Pour Jean Delalandre, il faut agir maintenant, acculturer, expérimenter, et ce à travers de :
- Diffusion active d’informations sur les règles de la commande publique innovante
- Renforcement des soutiens financiers aux collectivités qui souhaitent acquérir des solutions innovantes
- D’actions pour la rencontre, la compréhension et la confiance entre acheteurs publics et entreprises
- Expérimentation d’un Small Business Act territorial dédié à l’innovation
Jean Delalandre note qu’il y a une dimension culturelle à cette appréhension vis-à-vis de l’innovation, surtout dans les administrations qui ont plutôt tendance à rédiger des cahiers des charges excluant d’emblée l’innovation, même sans le vouloir.
Exploiter les données territoriales : un enjeu pour les collectivités
Les collectivités produisent et gèrent de plus en plus de données. Pour les territoires, et plus particulièrement pour les petites et moyennes collectivités, la gouvernance de la donnée est un enjeu stratégique et opérationnel, mais également un levier de résilience.

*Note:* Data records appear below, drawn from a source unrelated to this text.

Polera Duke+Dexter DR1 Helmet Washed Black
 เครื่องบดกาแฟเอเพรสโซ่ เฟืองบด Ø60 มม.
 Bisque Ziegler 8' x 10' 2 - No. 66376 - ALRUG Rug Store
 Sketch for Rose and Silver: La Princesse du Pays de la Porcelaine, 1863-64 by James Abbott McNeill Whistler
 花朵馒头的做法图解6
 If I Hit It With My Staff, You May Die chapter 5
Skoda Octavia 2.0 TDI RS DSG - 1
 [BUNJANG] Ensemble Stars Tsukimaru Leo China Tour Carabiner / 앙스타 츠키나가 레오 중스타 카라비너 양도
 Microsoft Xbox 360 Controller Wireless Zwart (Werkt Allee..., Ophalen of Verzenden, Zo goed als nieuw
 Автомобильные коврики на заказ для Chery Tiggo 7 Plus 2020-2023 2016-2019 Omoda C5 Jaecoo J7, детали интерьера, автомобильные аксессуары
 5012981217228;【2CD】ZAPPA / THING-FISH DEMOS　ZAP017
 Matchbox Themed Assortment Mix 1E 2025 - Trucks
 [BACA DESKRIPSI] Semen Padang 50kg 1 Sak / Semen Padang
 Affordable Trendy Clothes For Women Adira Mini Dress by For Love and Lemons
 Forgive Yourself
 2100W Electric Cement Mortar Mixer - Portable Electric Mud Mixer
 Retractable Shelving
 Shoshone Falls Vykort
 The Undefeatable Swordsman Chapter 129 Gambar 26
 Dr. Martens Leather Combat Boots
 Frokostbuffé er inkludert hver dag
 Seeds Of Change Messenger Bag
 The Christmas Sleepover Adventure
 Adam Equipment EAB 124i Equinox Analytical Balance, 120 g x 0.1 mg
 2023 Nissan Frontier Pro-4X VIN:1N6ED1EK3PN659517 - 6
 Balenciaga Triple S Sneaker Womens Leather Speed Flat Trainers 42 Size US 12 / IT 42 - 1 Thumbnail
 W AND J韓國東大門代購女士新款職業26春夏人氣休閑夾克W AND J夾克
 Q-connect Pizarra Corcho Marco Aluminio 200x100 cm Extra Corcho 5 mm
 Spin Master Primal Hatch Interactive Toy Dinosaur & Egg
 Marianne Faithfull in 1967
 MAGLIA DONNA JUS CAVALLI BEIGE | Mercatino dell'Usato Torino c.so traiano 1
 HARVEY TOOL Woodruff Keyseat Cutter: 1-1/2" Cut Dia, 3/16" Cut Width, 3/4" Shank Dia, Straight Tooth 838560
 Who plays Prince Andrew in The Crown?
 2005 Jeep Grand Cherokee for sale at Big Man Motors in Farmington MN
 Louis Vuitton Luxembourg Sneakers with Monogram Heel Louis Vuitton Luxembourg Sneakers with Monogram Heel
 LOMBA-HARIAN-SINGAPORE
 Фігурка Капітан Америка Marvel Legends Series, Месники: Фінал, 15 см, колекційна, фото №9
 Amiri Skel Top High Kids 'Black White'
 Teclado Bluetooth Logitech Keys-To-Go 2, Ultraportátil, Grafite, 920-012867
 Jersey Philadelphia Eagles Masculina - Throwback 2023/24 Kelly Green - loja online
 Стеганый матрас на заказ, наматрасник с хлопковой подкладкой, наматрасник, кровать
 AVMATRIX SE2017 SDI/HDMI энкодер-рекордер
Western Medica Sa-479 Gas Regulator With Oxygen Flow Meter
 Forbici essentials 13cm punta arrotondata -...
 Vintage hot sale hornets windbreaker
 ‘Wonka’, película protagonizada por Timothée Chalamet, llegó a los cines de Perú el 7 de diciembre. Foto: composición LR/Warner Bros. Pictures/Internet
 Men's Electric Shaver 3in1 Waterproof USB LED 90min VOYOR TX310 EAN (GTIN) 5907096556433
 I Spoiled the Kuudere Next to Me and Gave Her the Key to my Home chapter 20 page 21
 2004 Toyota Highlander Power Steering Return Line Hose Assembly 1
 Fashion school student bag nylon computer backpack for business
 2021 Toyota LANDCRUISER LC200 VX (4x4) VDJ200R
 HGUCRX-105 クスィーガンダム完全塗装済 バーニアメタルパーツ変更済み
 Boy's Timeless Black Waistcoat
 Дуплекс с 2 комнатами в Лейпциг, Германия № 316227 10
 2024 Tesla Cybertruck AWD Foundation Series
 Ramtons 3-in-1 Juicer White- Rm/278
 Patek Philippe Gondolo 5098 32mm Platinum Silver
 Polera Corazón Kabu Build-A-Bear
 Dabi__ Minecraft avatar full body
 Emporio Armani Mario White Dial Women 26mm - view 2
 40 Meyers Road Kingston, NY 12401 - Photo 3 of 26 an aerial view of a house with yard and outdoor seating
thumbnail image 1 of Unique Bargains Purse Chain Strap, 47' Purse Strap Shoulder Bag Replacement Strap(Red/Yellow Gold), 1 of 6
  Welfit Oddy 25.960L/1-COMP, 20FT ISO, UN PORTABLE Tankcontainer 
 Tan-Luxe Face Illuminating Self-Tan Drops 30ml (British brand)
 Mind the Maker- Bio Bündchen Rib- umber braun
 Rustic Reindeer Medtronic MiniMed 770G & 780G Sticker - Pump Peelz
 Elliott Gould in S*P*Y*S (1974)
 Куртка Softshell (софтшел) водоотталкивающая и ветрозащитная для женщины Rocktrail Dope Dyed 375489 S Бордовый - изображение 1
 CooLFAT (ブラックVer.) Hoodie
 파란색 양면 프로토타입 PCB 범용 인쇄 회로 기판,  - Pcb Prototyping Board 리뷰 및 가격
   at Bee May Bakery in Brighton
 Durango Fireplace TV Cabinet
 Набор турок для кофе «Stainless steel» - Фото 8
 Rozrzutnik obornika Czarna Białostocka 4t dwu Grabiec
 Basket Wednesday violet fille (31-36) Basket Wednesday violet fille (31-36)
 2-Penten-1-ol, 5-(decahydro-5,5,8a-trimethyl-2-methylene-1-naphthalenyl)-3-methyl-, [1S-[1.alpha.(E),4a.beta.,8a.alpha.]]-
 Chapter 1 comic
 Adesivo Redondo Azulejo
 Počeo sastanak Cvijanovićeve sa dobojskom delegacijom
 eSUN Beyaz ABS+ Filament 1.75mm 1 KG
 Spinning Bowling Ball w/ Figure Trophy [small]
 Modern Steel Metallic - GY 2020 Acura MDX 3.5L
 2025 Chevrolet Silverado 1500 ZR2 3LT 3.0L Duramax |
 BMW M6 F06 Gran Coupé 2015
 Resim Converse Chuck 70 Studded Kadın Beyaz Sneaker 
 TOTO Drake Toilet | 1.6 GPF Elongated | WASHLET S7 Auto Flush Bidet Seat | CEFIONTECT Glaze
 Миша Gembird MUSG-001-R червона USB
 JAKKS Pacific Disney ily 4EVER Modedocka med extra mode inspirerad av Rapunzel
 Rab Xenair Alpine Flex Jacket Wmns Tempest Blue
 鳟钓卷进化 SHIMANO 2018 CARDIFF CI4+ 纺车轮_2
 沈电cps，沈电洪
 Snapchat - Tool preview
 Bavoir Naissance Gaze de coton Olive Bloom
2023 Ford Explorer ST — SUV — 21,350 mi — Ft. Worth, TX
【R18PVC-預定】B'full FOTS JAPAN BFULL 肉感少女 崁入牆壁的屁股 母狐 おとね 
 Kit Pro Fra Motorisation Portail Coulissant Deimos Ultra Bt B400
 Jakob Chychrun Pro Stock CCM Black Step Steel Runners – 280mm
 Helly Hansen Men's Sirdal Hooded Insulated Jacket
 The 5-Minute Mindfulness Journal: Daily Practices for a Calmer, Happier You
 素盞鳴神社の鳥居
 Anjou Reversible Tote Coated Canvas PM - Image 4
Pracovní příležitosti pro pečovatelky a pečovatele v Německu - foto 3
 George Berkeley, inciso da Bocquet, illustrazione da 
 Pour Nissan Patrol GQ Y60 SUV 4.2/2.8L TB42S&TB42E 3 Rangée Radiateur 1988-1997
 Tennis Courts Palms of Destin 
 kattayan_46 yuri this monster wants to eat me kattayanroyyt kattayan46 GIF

Dans les territoires, les sources de données se multiplient avec notamment la billettique, les capteurs de flux piétons pour mesurer l’attractivité des centres villes, le crowdsourcing et les réseaux sociaux. On assiste à l’apparition de nouveaux métiers tout au long du cycle de vie de la donnée. En revanche, on observe un manque d’acculturation et de moyens sur le sujet indique, Jeanne Carrez-Debock qui déplore le manque de cas d’usages pour convaincre.
Elle précise les 3 dimensions de la gestion de la donnée :
- Technique
- Juridique
- Gouvernance
La collectivité est une animatrice de la communauté autour de la donnée.
- Jeanne Carrez-Debock, Responsable du programme smart city pour la Banque des territoires
De 2015 à 2020, elle observe que les collectivités ont été assez rapides pour se doter d’une stratégie de la donnée. Toutefois la réflexion sur une trajectoire idéale pour accompagner les territoires à s’ouvrir à la donnée reste complexe. Il existe bien des étapes mais y-a-t-il une recette meilleure qu’une autre ? Faut-il ouvrir ses données dès le départ ? À quel moment bâtir ses règles de gouvernance ? Faut-il écrire une doctrine ?
La Banque des territoires est convaincue et milite au quotidien pour l’accompagnement des collectivités locales via le programme "action coeur de ville". Ce programme consiste à développer des missions de conseil, à soutenir aux expérimentations, à investir dans des start-ups pour fournir des solutions clé-en main aux collectivités.
En matière de transition énergétique, il y a des cas très classiques et connus (éclairage, bâtiment…) mais aujourd’hui les actions que souhaite mener la Banque des territoires sont plus exploratoires : avec Toulouse, et ses recherches sur les îlots de chaleurs, avec Besançon et ses capteurs sur les bacs à déchets, avec Saint-Brieuc mieux valoriser la donnée en ville ou encore plus récemment avec La Rochelle et son projet de self-data pour que les citoyens testeurs puissent comprendre l’empreinte carbone de leur mobilité.